> [What the task requires] In the entries that follow, repeat exactly the lines from the one that has "Farisha-Olive Regal Velvet" through the one that has "Blue Quartz Hiking", but omit pictures.

BEGIN The data

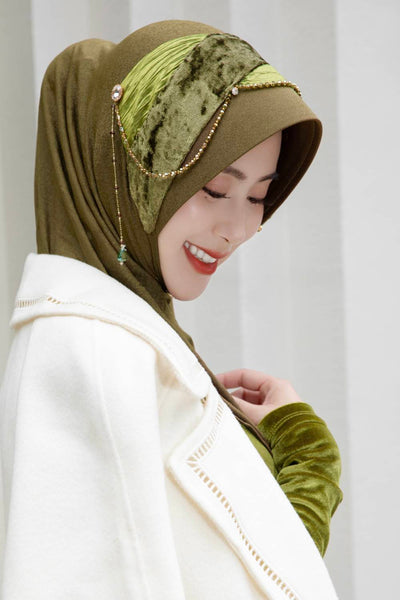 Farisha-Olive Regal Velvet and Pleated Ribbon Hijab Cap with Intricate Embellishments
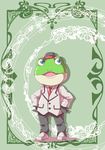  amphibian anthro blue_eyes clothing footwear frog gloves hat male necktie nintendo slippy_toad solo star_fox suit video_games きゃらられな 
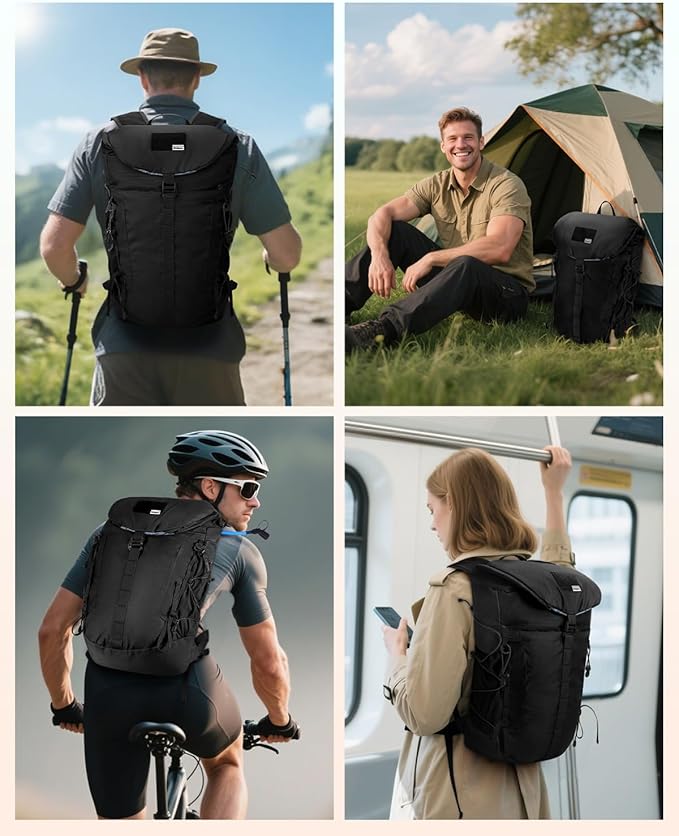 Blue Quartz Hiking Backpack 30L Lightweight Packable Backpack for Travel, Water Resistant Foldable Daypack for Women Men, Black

END The data
BEGIN The data

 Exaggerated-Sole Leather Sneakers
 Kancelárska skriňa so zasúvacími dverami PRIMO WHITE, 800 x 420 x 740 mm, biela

END The data

> [Response area]
 Farisha-Olive Regal Velvet and Pleated Ribbon Hijab Cap with Intricate Embellishments
  amphibian anthro blue_eyes clothing footwear frog gloves hat male necktie nintendo slippy_toad solo star_fox suit video_games きゃらられな 
 Blue Quartz Hiking Backpack 30L Lightweight Packable Backpack for Travel, Water Resistant Foldable Daypack for Women Men, Black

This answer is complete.